Market Positioning: OSINT & Investigative Journalism

Priority: 4 — Proven by use

Market Overview

Investigative journalists and OSINT researchers build complex webs of knowledge: people connected to organizations, events unfolding over decades, documents corroborating or contradicting claims, financial flows between entities, and timelines where sequence matters as much as content.

The tooling is fragmented. A typical investigation uses 5-8 tools: Aleph for document search, Maltego for link analysis, a spreadsheet for timelines, Google Docs for drafts, Signal for source communication, Hunchly for evidence capture, and a personal wiki for notes. Nothing connects them.

The market is also under pressure: OCCRP's Aleph is going paid (Aleph Pro, October 2025), Google Pinpoint commoditizes document search, and newsrooms face budget constraints that rule out enterprise tools.

Competitive Landscape

| Competitor | Approach | Why It Falls Short | |-----------|----------|-------------------| | Aleph (OCCRP) | 400M+ document/entity search across 200 datasets | Going paid (Aleph Pro); focused on financial/corporate data; not a personal KB; no temporal reasoning | | OpenAleph | Open-source Aleph fork, community-governed | Uncertain development resources; inherits Aleph's limitations; no personal KB layer | | Datashare + Neo4j (ICIJ) | Document analysis + knowledge graph plugin | Closest competitor; requires technical skill; Neo4j setup is heavy; collaboration is ICIJ-centric | | Google Pinpoint | Free AI-powered document search for journalists | Not a knowledge base; no relationships; no timeline; Google dependency; documents in, answers out | | Maltego | OSINT link analysis with "transforms" | Expensive ($999/yr+); visualization-focused; no temporal dimension; no markdown notes; no version control | | Hunchly | Forensic web capture with tamper-proof hashing | Capture only — no analysis, no relationships, no KB; now Maltego-owned | | DocumentCloud | Document management, OCR, annotation | Document archive, not knowledge management; no entity relationships; no temporal queries | | i2 Analyst's Notebook | Intelligence link analysis (IBM) | Enterprise pricing ($8K+/yr); government-focused; aging; no AI integration; no open data model | | Obsidian | Personal markdown vault with graph view | Popular with researchers but no typed entries, no temporal queries, no collaboration, no AI agent access |

Key gap: No open-source tool combines document-backed research, entity/relationship management, temporal querying, and AI agent integration in a single platform accessible to individual journalists.

Pyrite Differentiation

The CascadeSeries proves it works — Pyrite was built for and battle-tested on a real investigative project: 4,240+ timeline events (1619-2026), 323 knowledge base articles, 74 published articles, and two book manuscripts. This isn't a prototype — it's production infrastructure for investigative journalism.

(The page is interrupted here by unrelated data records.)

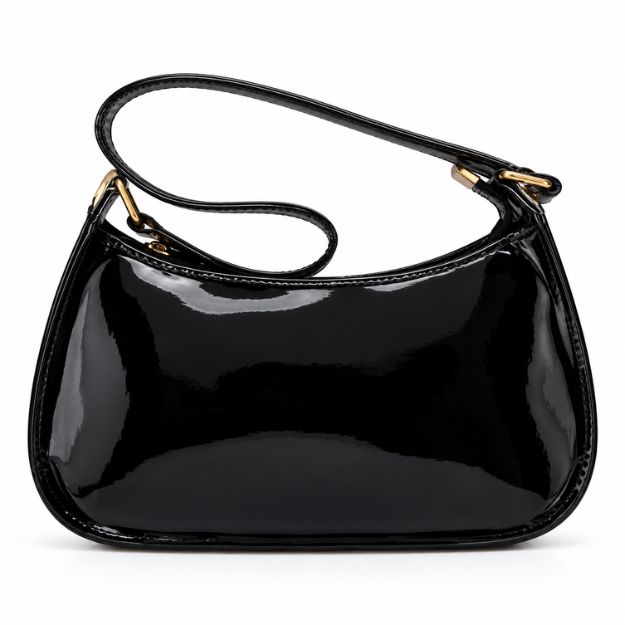 Black Glossy Shoulder Bag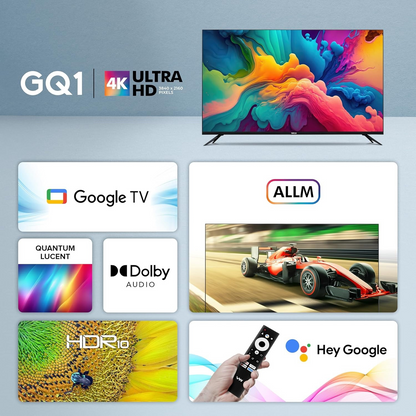 Google TV interface on Tanish 55-Inch QLED Smart TV showing apps like Netflix, YouTube, and Prime Video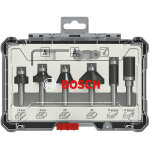 Coffret de 6 fraises � araser / chanfreiner / arrondir � queue de 8 mm bosch 2607017469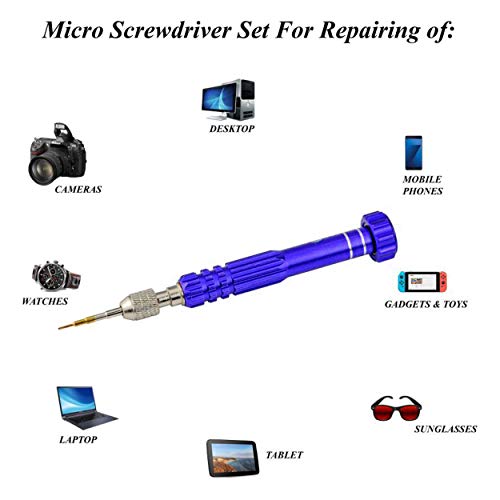 Asraw Micro Screwdriver Set For Mobile, laptop, Camera & Multi-purpose Repairing (T5 / T6 / 1.2/1.5/0.8) Precision Screwdriver Set (Blue) - Image 3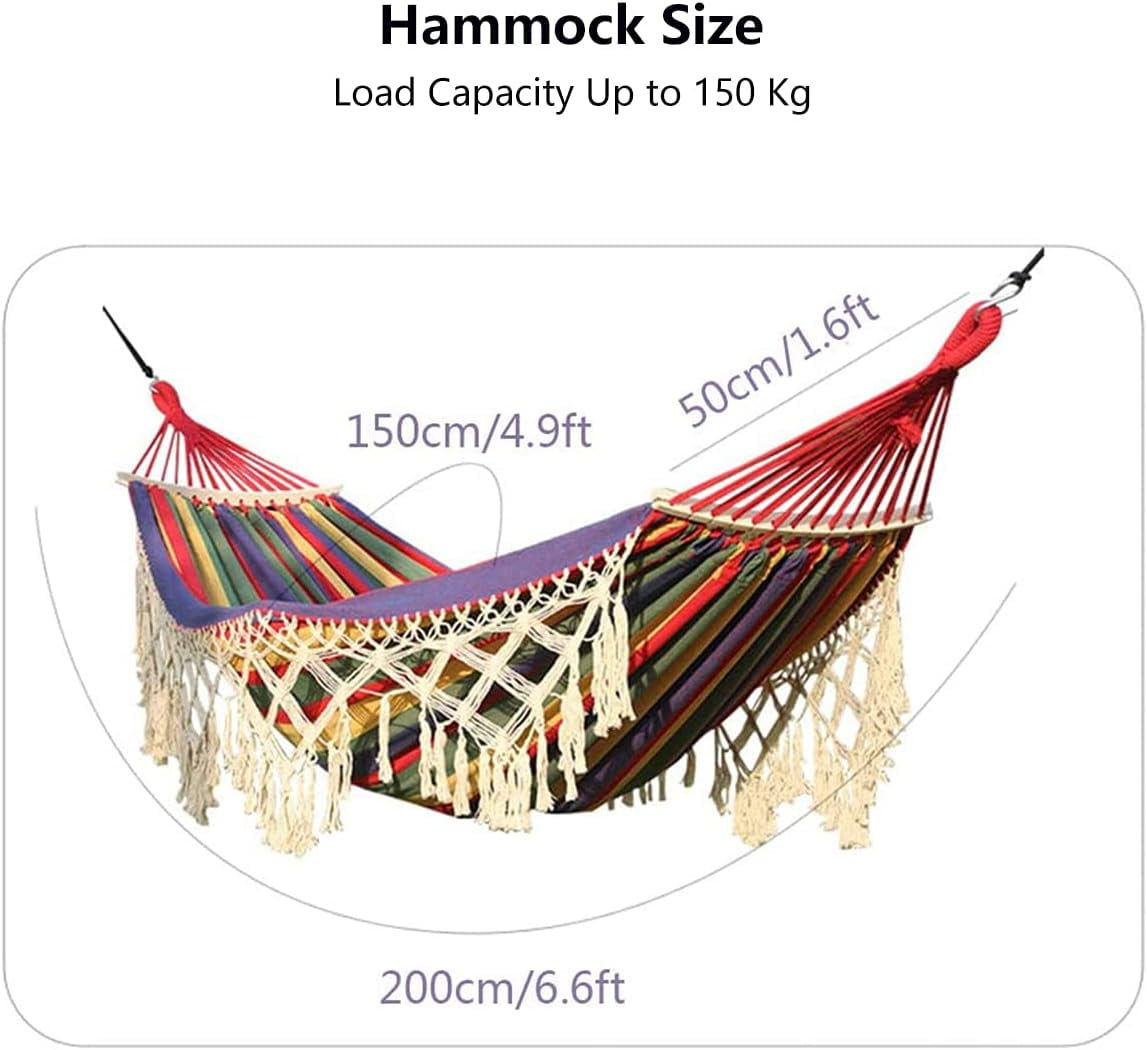 DUANJY Cotton Canvas Hammock, Double Boho Hammocks with Decorative Fringe , Portable Camping Indoor Outdoor Garden Hammock Swing with Travel Bag, 440lb Load Capacity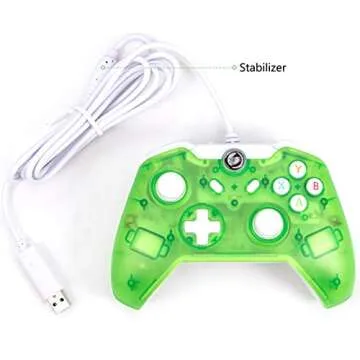 LUXMO PREMIUM Wired USB Controller for Xbox One, Xbox 1s Controller Joystick Gamepad Remote with Vibration LEDs Flicker Function for Xbox One Console PC Windows 7/8/10 (Transparent Green)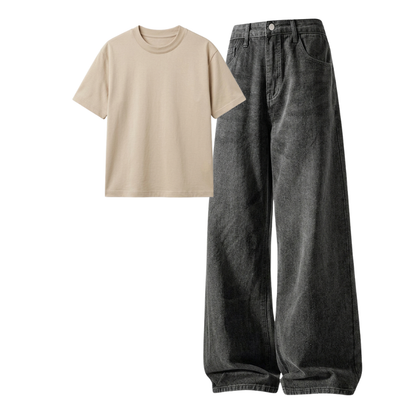 Acid Ash Wide-Leg Baggy Jeans With Regular T-Shirt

Temporal knowledge graph, productized — No competitor handles "what did we know about X as of date Y?" or "show me how the relationship between A and B evolved from 2015-2025." Timeline events with importance ratings, date-range filtering, participant tracking, and causal links are core to the data model.

Source provenance as first-class data — Every entry tracks sources with confidence scores (confirmed/likely/possible/disputed), verification dates, and archived URLs. This matters for journalism where credibility depends on traceability.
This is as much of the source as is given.